You can do both, but you cannot do both of them at the same time as well as you could handle either task separately. And attempting to do both at once just results in mistakes, and dips in performance.

A Potential Two-Step Process

The important thing to remember is that, while you need to adequately evaluate candidates for a position while also enthusing those candidates about potential job offers, you don’t have to juggle both of those things at once.

And you shouldn’t.

Instead, you should break this process up and handle it in stages whenever possible.

One suggestion the researchers put forth is that you should have two, separate interviews so you can focus on the different sides of the coin, so to speak.

Another suggestion was to work in a pair, and have one individual focused on seeing things from the employer’s perspective, and the other focused on selling the potential position to the candidate as a good work opportunity.

In either case, the key is to make sure that there is some separation of these two aspects to help make sure that you aren’t working across purposes when it comes to finding the right job for the right people, and vice versa.

Don’t Promise What You Can’t Deliver

The most important thing to remember throughout this process is that you’re striving for exciting accuracy.

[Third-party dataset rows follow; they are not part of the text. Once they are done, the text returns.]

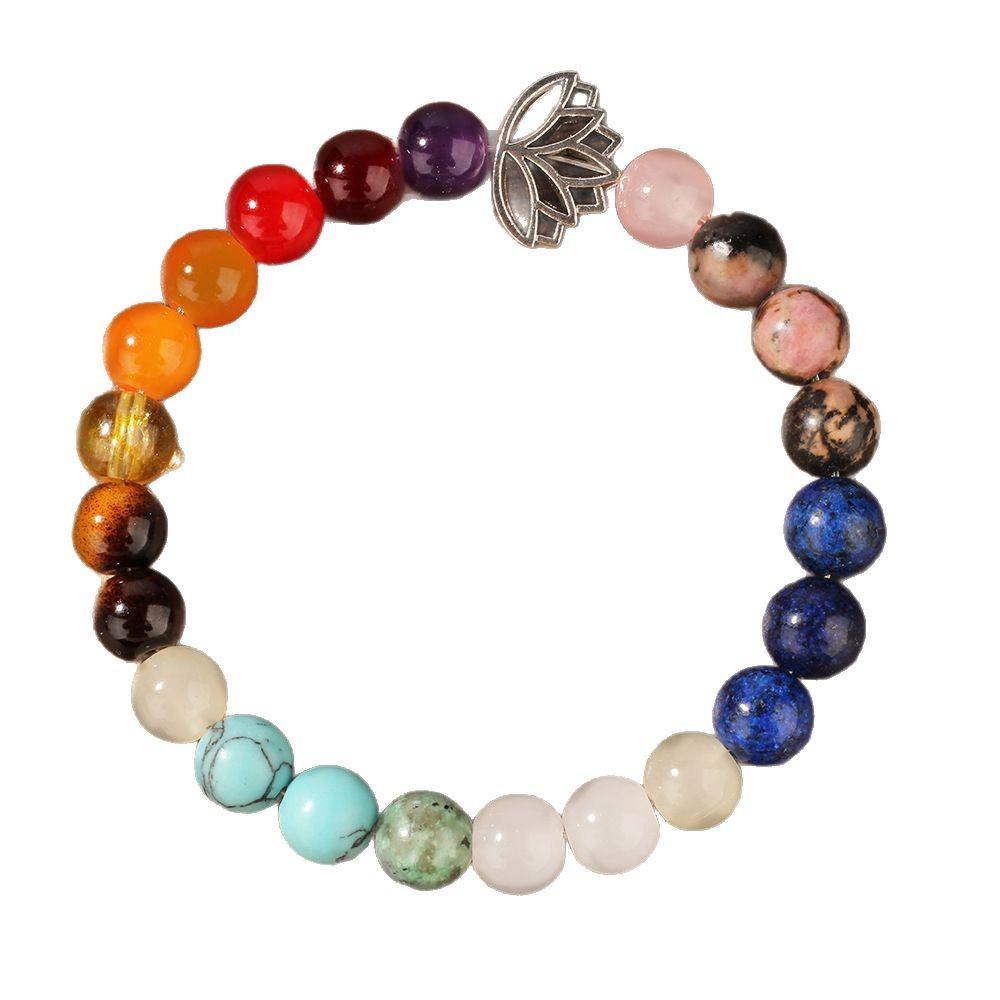 Festive Gifts Chakra Stone Beaded Bracelet With Lotus Charm Spiritual Fashion Jewelry For Men And Women Daily Wear Simple Versatile Accessory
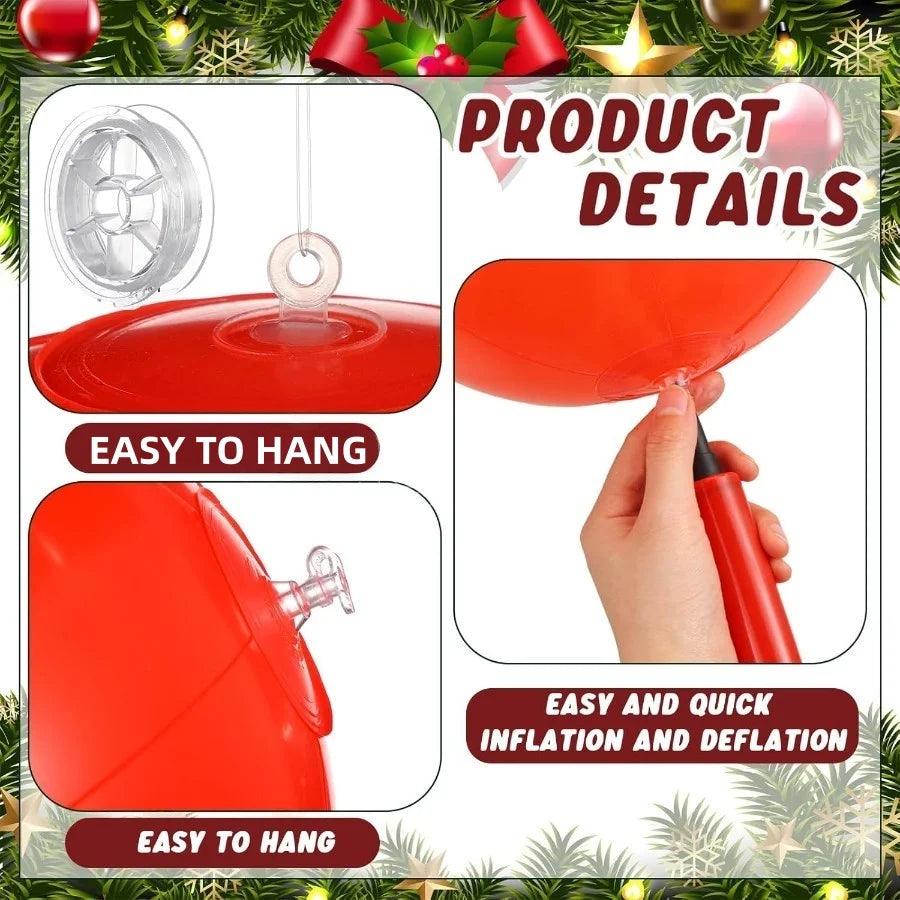 32” Giant Inflatable Christmas Ornament – Outdoor Holiday Party Decoration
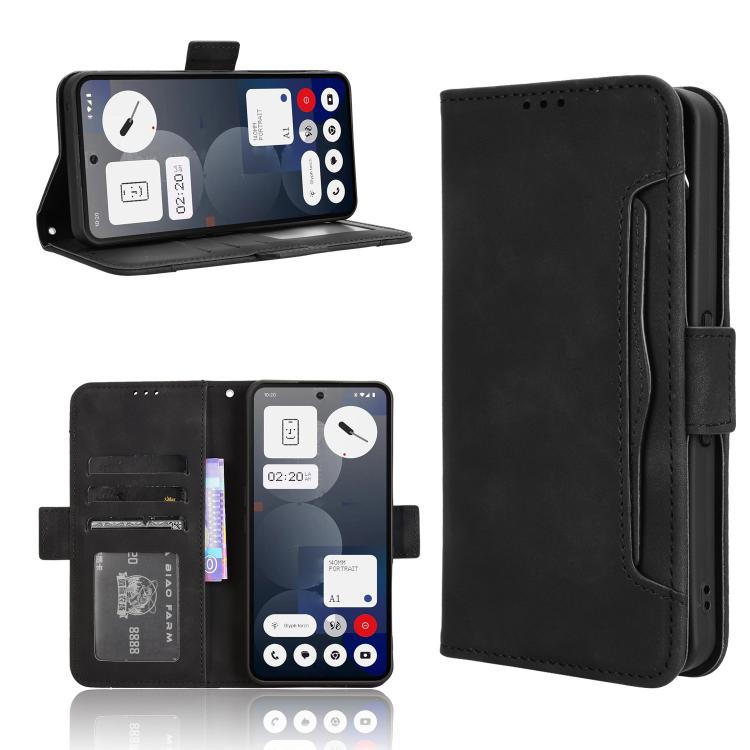 

For Nothing Phone 3a Pro Skin Feel Calf Texture Card Slots Leather Phone Case(Black)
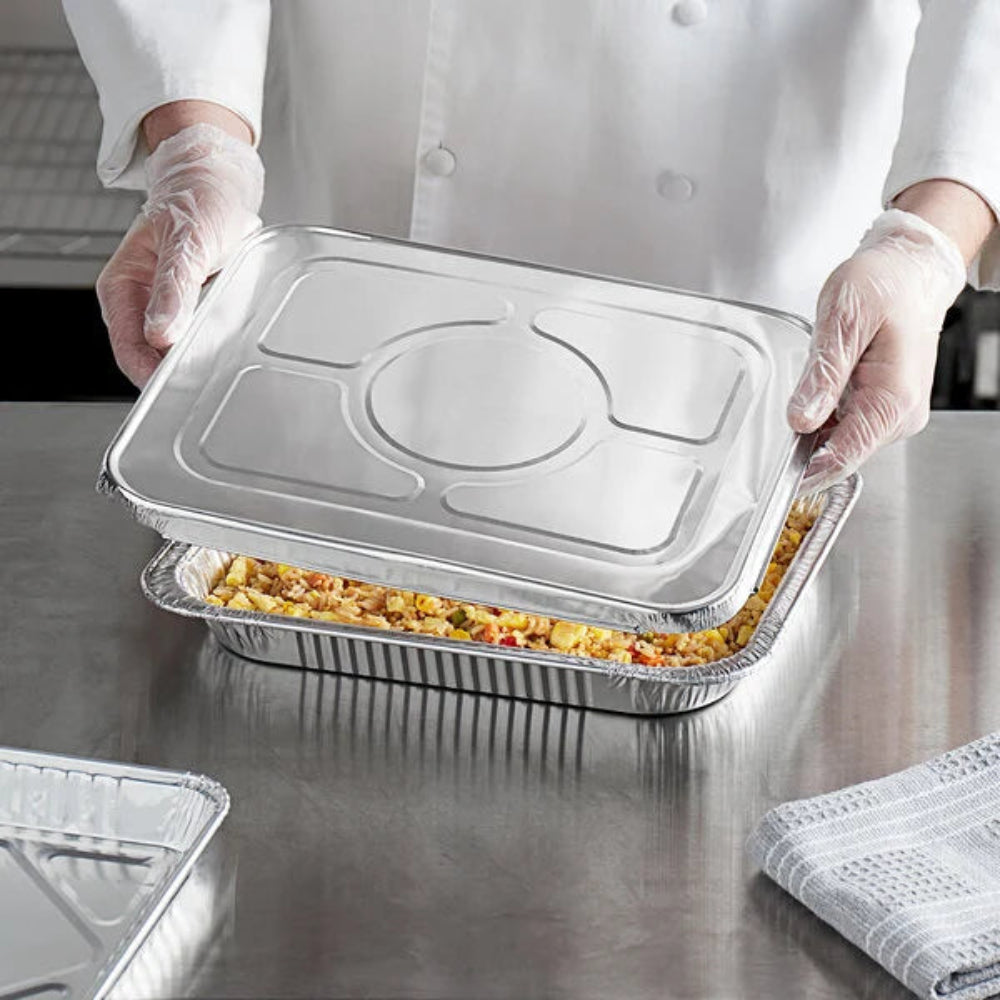 Disposable Foil Lids for Half Size Steam Table Pan - Case of 100 - #8200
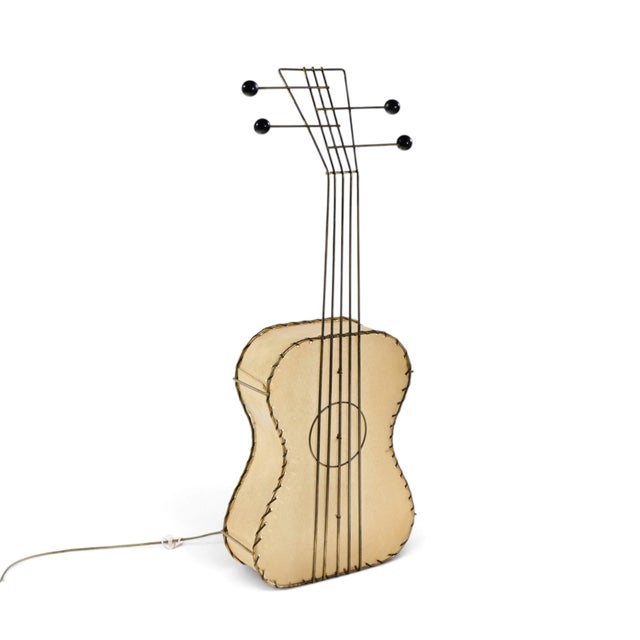 Paper Mid 20th Century Frederick Weinberg Mid Century Black Wire and Parchment Guitar Lamp For Sale - Image 7 of 8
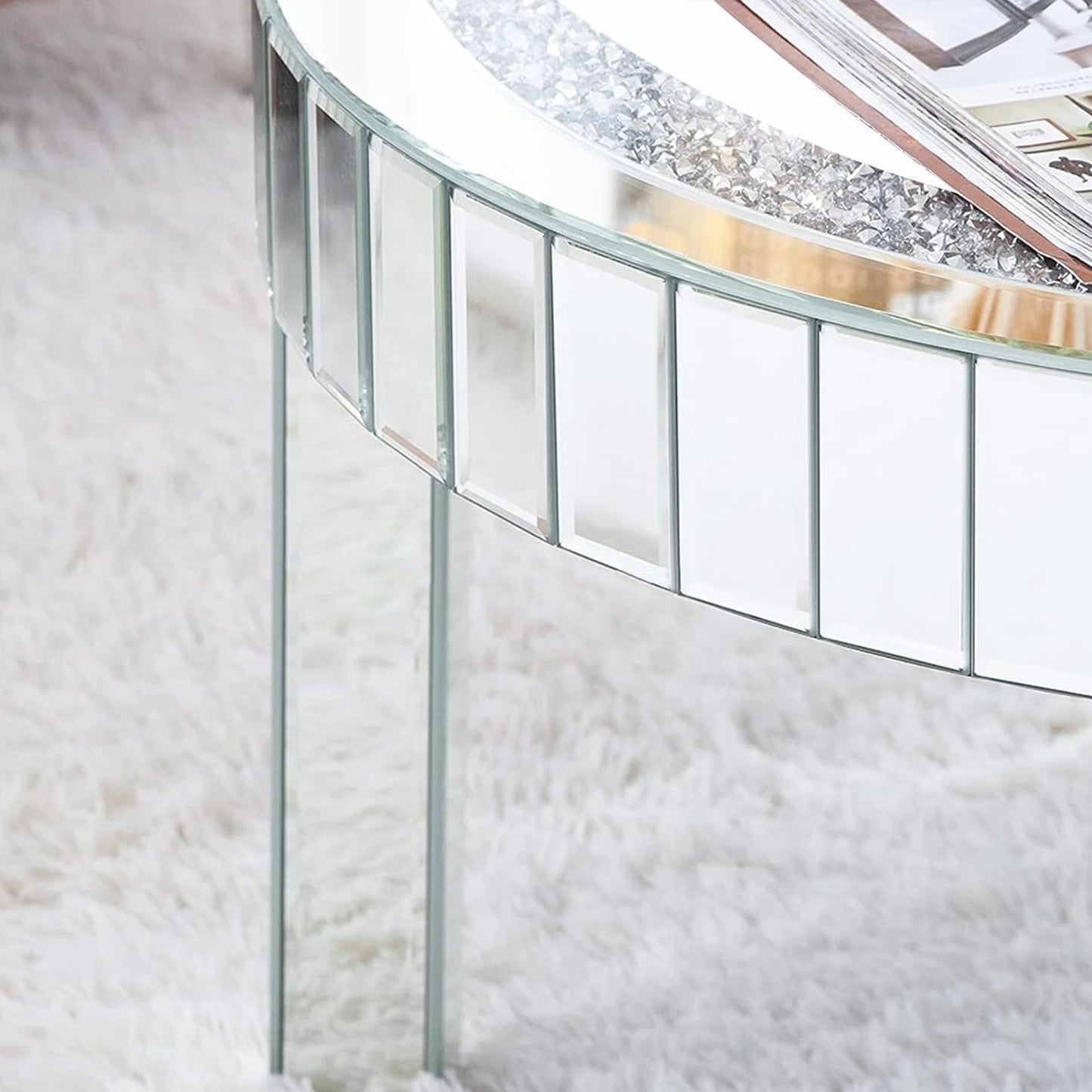 Luxury Mirrored Round Side Table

You don’t necessarily want to become a commercial touting values and experiences, but you do want to get your applicants excited about what they could be looking forward to.

Which is why you need to evaluate the employer, as well as what would excite your applicant about them.

Since everyone is different, it’s important to get a sense of what will excite a particular applicant about a given employer.

What are they looking for in a job or position, and what do they need from it?

Do they need a certain salary, for instance, or are they looking to continue their education?

Do they want a particular benefits package, or are they looking for a position where they can be allowed autonomy to achieve their goals rather than having to fall in line with the rest of a department?

In order to build someone up for the prospect ahead of them, you need to know what it is they’re looking for, and what would actually stimulate them.

And once you know that, only make promises you’re sure you can keep.

The key here is promises, versus potential.

For example, we all know that you should never tell an applicant they could receive that $50k salary as soon as they start if a company very clearly posts that the job offers a flat $35k.

However, if they have a generous evaluation and promotion policy, as well as always promoting from within, that can help soften the blow while maintaining enthusiasm that an applicant will remain upwardly mobile.

And if the company offers vigorous benefits packages, or paid sick days starting from day one, then that is something else you can bring up.

The key is that you need to know what a company offers, and what an applicant wants to hear.

Once you’ve got those two pools of information, all you need to do is figure out how to match them.